START Stored data

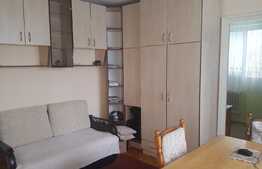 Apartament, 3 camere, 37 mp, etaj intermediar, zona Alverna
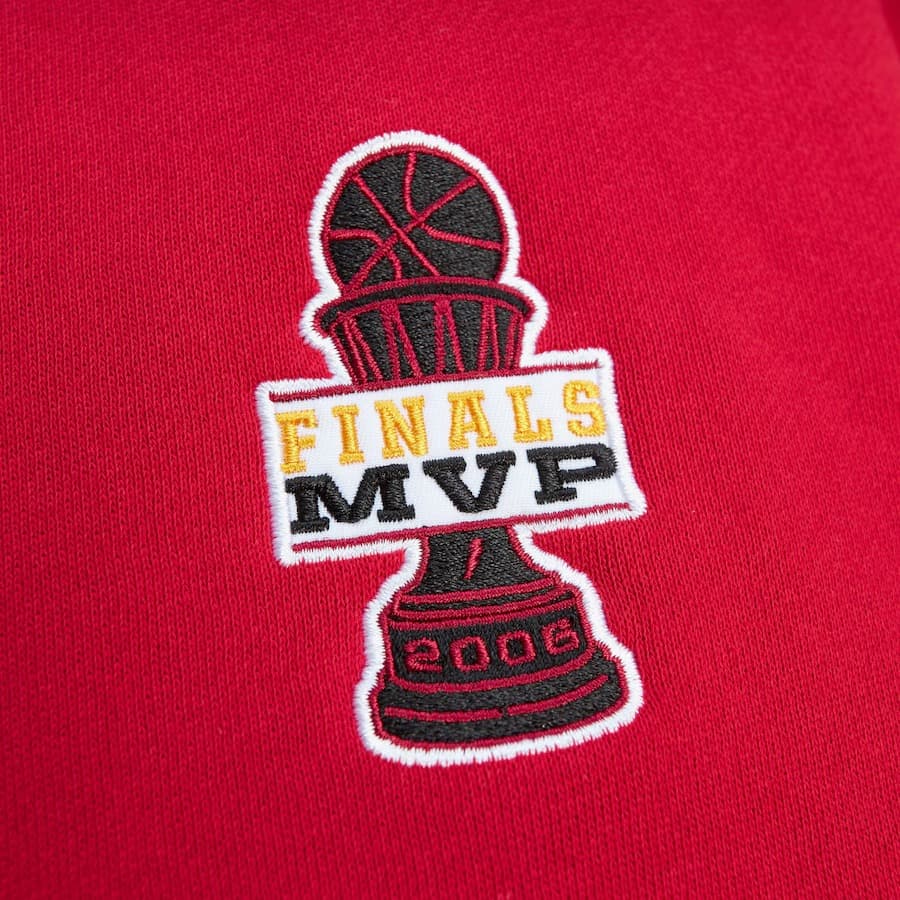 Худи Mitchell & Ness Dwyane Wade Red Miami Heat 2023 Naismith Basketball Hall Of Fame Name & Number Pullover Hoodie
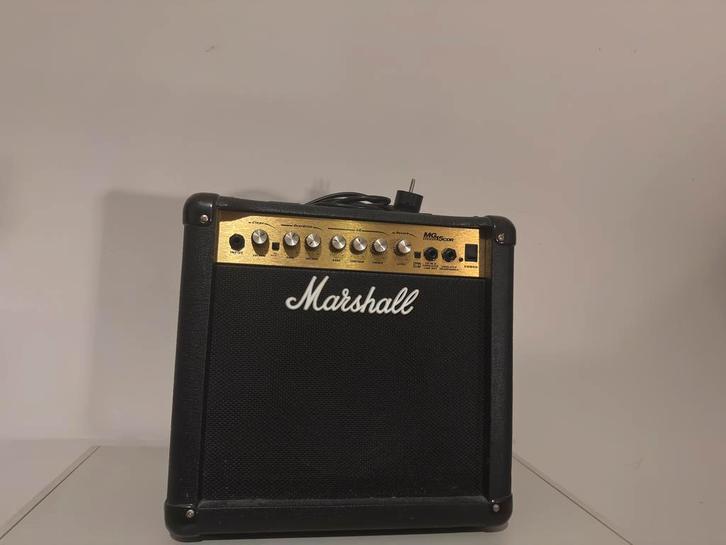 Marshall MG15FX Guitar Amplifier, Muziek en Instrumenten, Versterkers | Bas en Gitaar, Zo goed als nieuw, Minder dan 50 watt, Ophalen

END Stored data

Problem to work on >> An exact repeat of all the data is required, pictures excluded.

Response to this task >>
 Apartament, 3 camere, 37 mp, etaj intermediar, zona Alverna
 Худи Mitchell & Ness Dwyane Wade Red Miami Heat 2023 Naismith Basketball Hall Of Fame Name & Number Pullover Hoodie
 Marshall MG15FX Guitar Amplifier, Muziek en Instrumenten, Versterkers | Bas en Gitaar, Zo goed als nieuw, Minder dan 50 watt, Ophalen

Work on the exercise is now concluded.